REQUIRED WORK
Exactly as they stand, repeat the lines from the one containing "Funda Silicona Líquida" through the final line of the listing, both ends included, and nothing else; skip the pictures.

BEGIN DATA

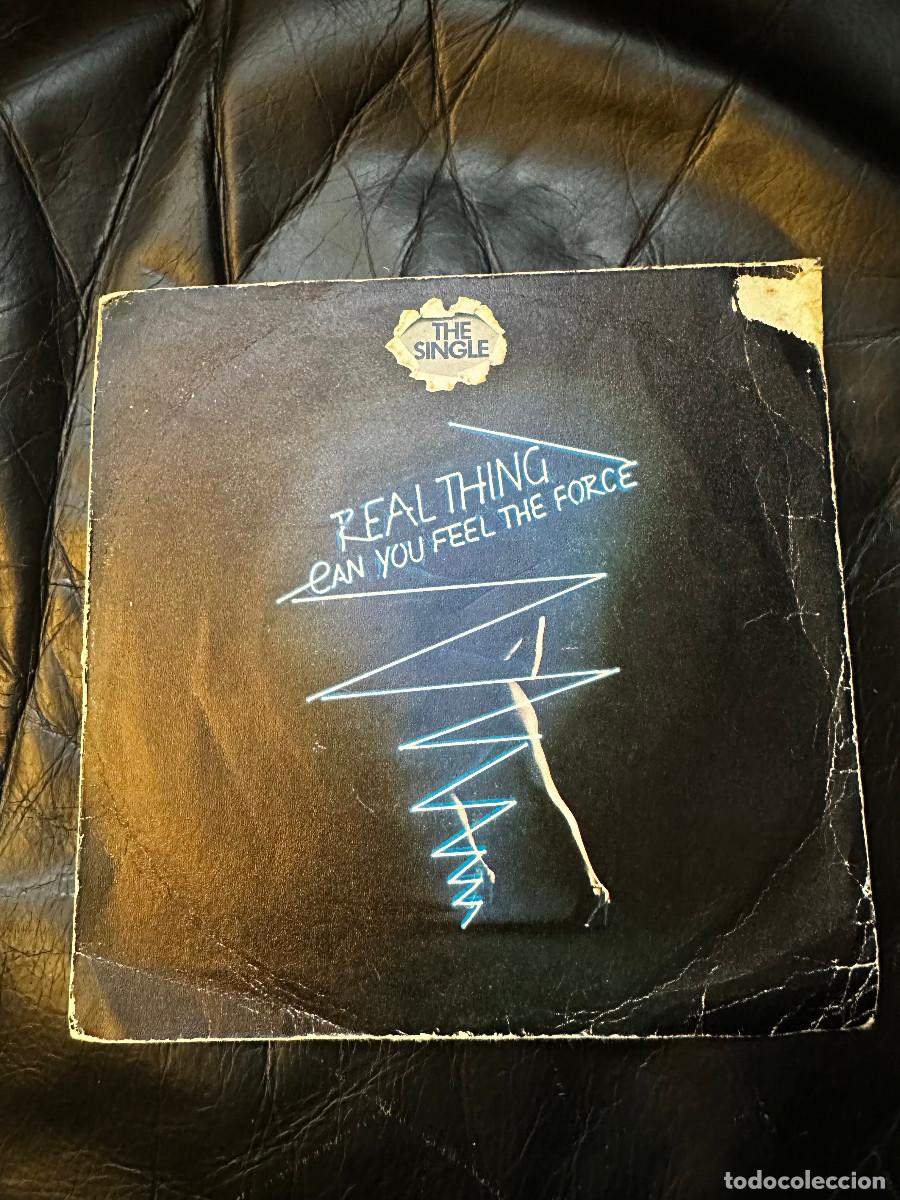 Discos de vinilo: SINGLE REAL THING - CAN YOU FEEL THE FORCE - ESPA&Ntilde;A - Foto 1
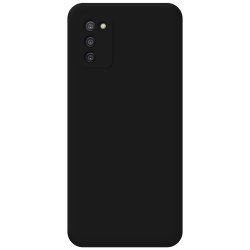 Funda Silicona Líquida Ultra Suave para Samsung Galaxy A03s color Negra 2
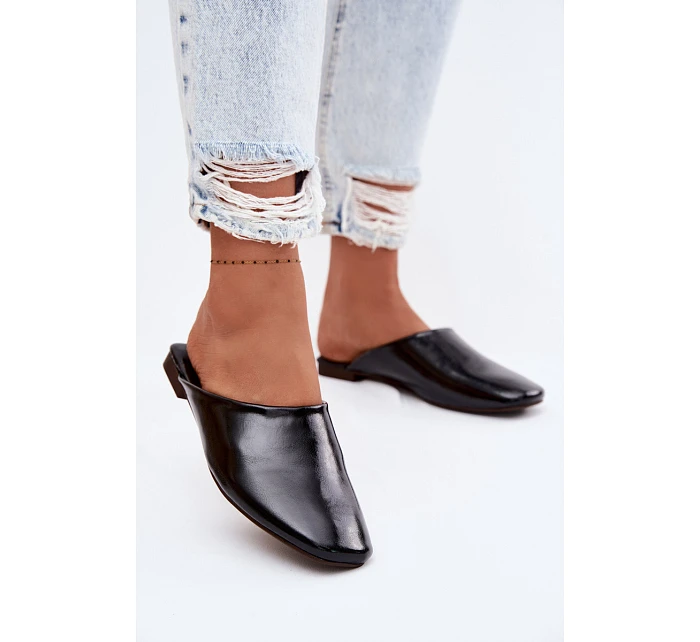 Dámské Mule z Umělé Kůže Ploché Černé Romelle Dámské Mule z Umělé Kůže Ploché Černé Romelle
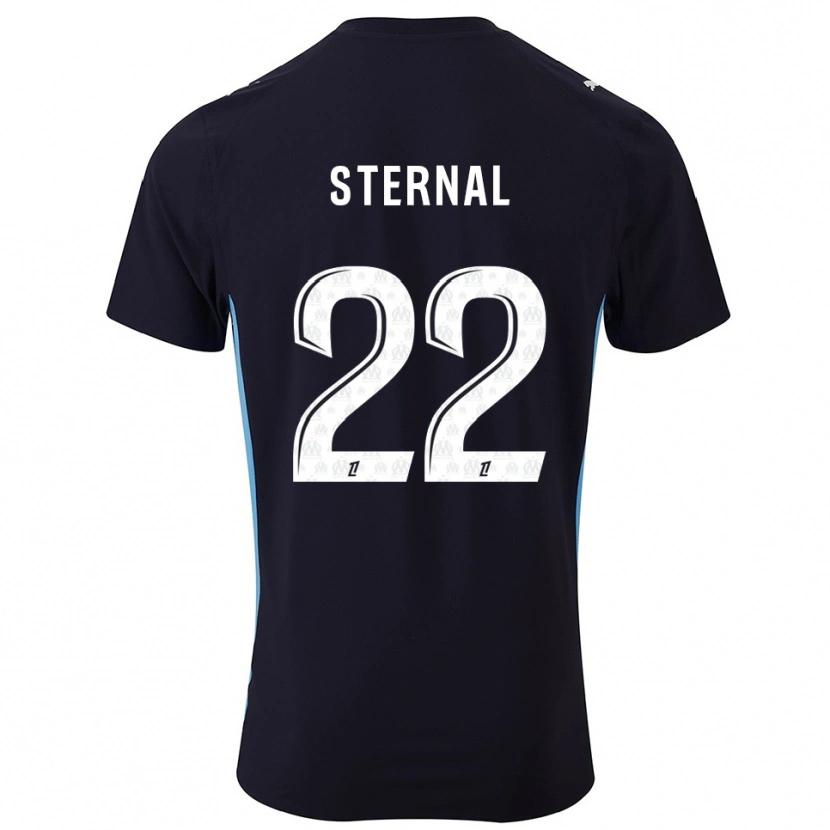 Danxen Men Enzo Sternal #22 Black Sky Blue Away Jersey 2025/26 T-Shirt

END DATA

TASK ANSWER
 Funda Silicona Líquida Ultra Suave para Samsung Galaxy A03s color Negra 2
 Dámské Mule z Umělé Kůže Ploché Černé Romelle Dámské Mule z Umělé Kůže Ploché Černé Romelle
 Danxen Men Enzo Sternal #22 Black Sky Blue Away Jersey 2025/26 T-Shirt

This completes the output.